Iran's food costs mount as families blame government for bare tables

Nov 15, 2025, 16:10 GMT+0Updated: 23:55 GMT+0
Shopping basket, File photo
Shopping basket, File photo

Iranian families are grappling with a deepening food stress and some have been forced to eliminate core staples like red meat, chicken, fish, eggs and fruits from their baskets due to skyrocketing prices and stagnant wages.

This is according to text and audio notes sent to Iran International TV by its audience in Tehran.

Number of households report barer tables, school truancy and outright hunger, with blame leveled at the government for policies that have turned affordable meals into luxuries.

Iran International asked its audience to share and submit messages on the effects of rising costs on their daily grocery shopping.

Families, from urban renters to rural households, describe slashing most of their food budgets, surviving on basics like low-quality rice, potatoes and bread while dreaming of proteins long unaffordable.

"Staples like red meat, chicken and fish are gone.

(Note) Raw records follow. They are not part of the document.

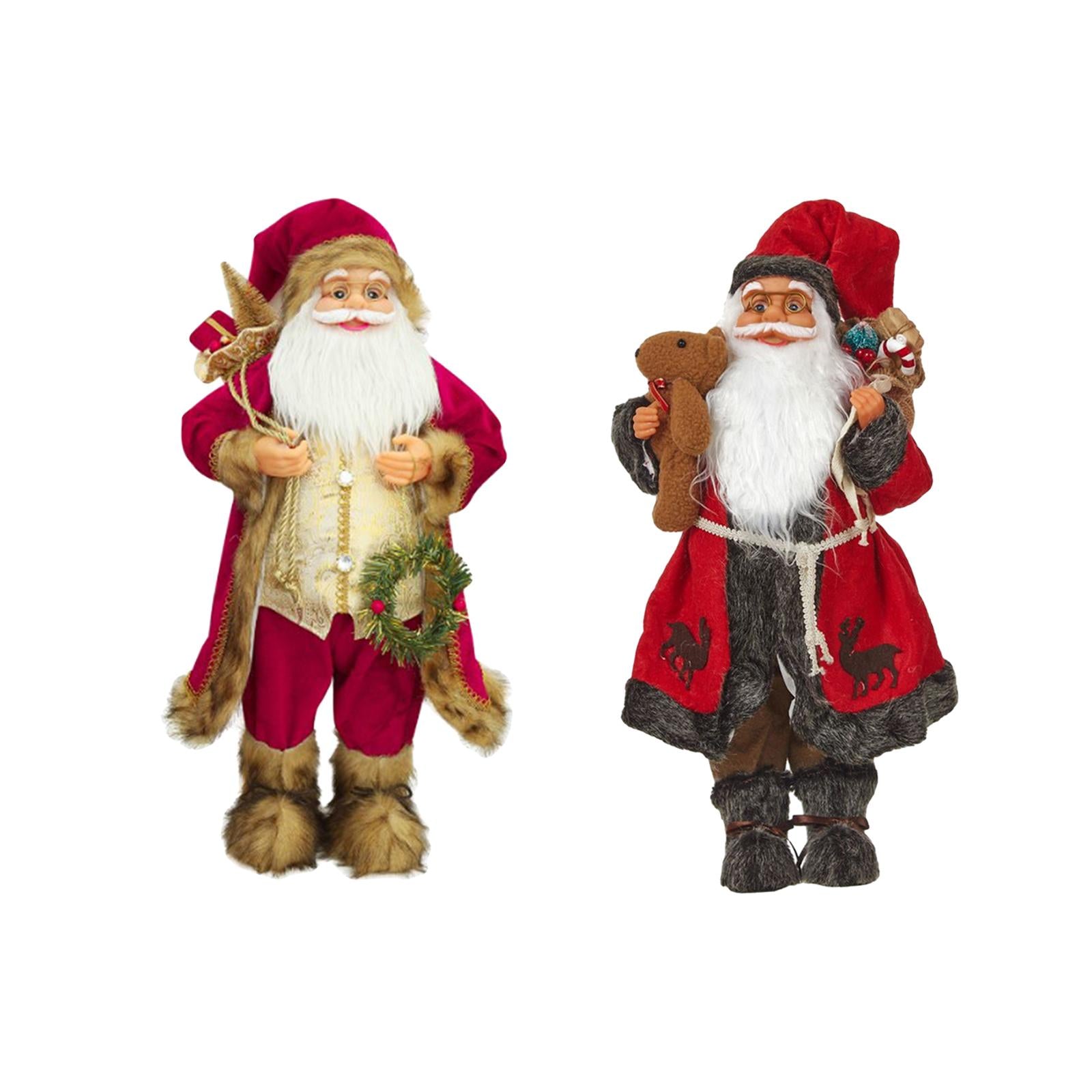 2x Santa Claus Figurine Ornament Decoration Indoor Table Desk Statue Decor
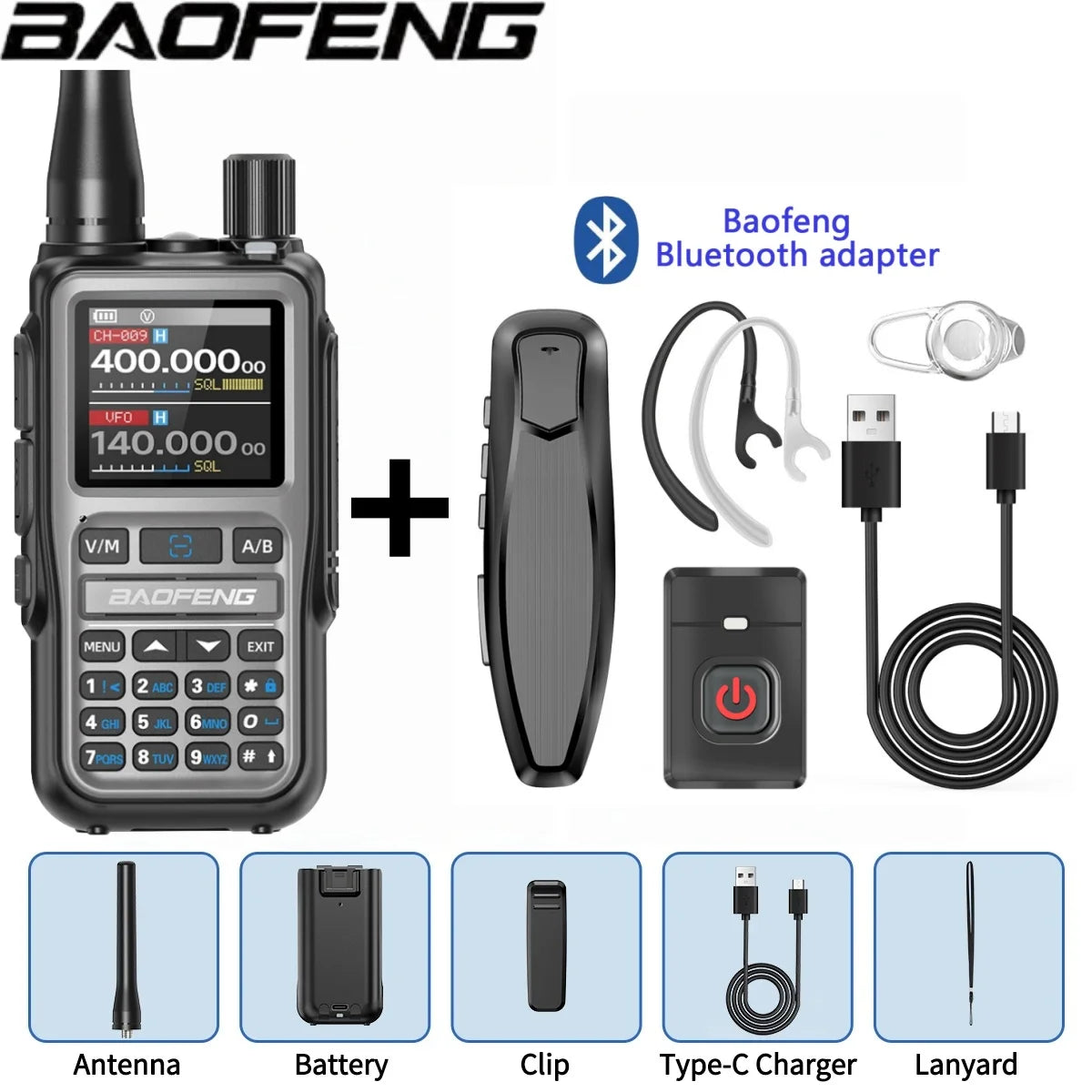 Baofeng UV 5R Mini Full Band Walkie Talkie Bluetooth Programming AM Wireless Copy Frequency 999CH Type-C Portable Ham Radio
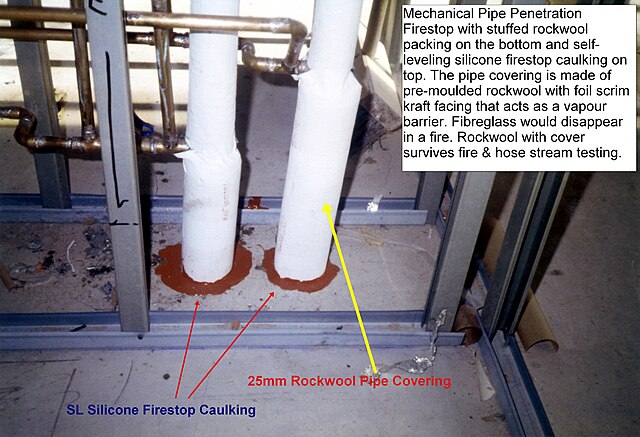 Pipe with metallic piping penetrations in a 2-hour fire-resistance rated concrete floor slab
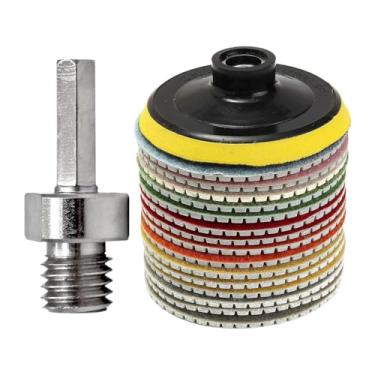 Imagem de predolo Kit com 16 discos de polimento diamantados, grãos de 50 a 10000, para furadeira de granito e pedra.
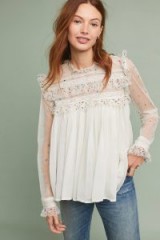 ANTHROPOLOGIE Ruffled-Embroidered Mesh-Trimmed Chiffon Blouse White ~ feminine semi sheer top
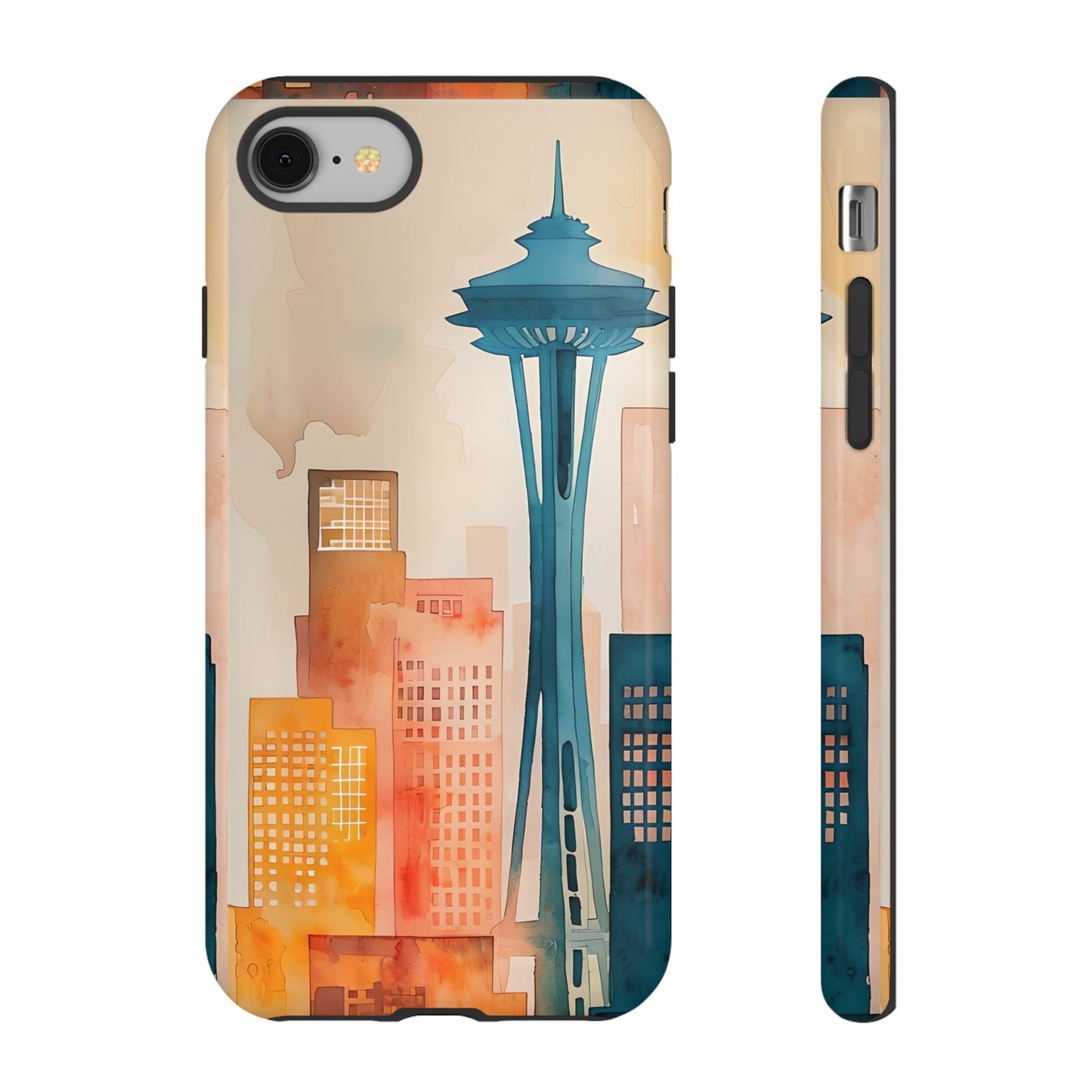 Seattle Cityscape Phone Case - Urban Skyline Art Tough Case, Watercolor City Aesthetic, Compatible with iPhone, Galaxy, Google Phones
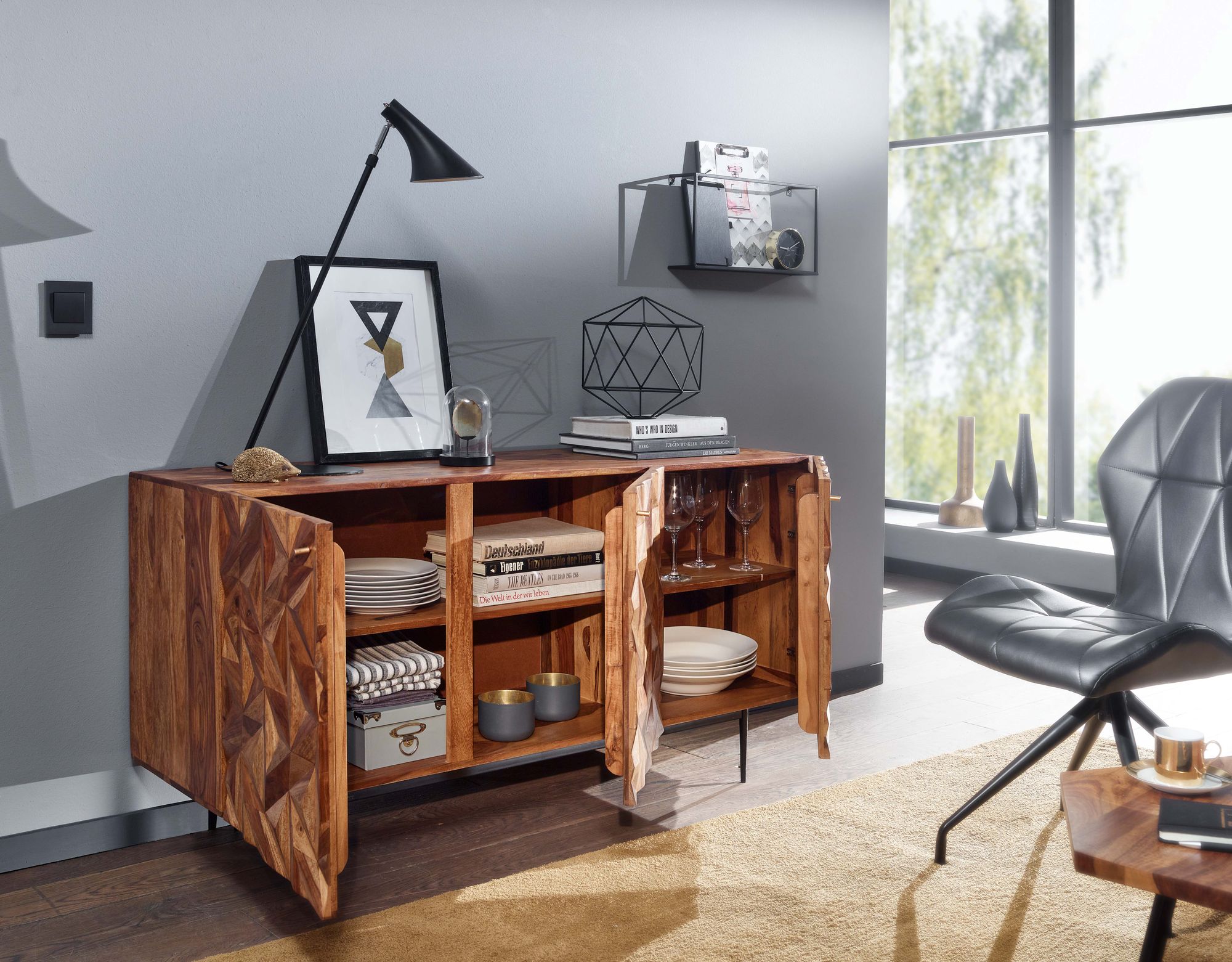 Massivholz Sideboard 145cm Sheesham Kommode mit 3 Türen Retro 3D Design Metall schwarz – Ansicht 2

If this government stays, other foods will vanish gradually, like it or not," another message said.

"The majority—or like 80%—of food basket items eliminated: chicken, eggs, dairy and tons more. The remaining 20%? A hard struggle to provide," one message said.

'Scarce list'

Some listed the items they had to cut from their grocery lists due to high prices and lack of affordability.

"We had to cut chicken, eggs, rice, fish, shrimp. Also nuts and dried fruits, including pistachios, hazelnuts; high-priced fruits, sweets are out," another message said.

Messages indicate that the most essential parts of daily life are vanishing from consumers' baskets.

"Meat, fish, rice, chicken, plus beans and fruits are all out. No way we could afford such luxuries," one message said.

"Every imaginable item gone from our basket. No meat in six months. Life's brutal—my 16-year-old son dropped out of school to work. Still can't cover daily needs. God curse the clerical government and Ali Khamenei."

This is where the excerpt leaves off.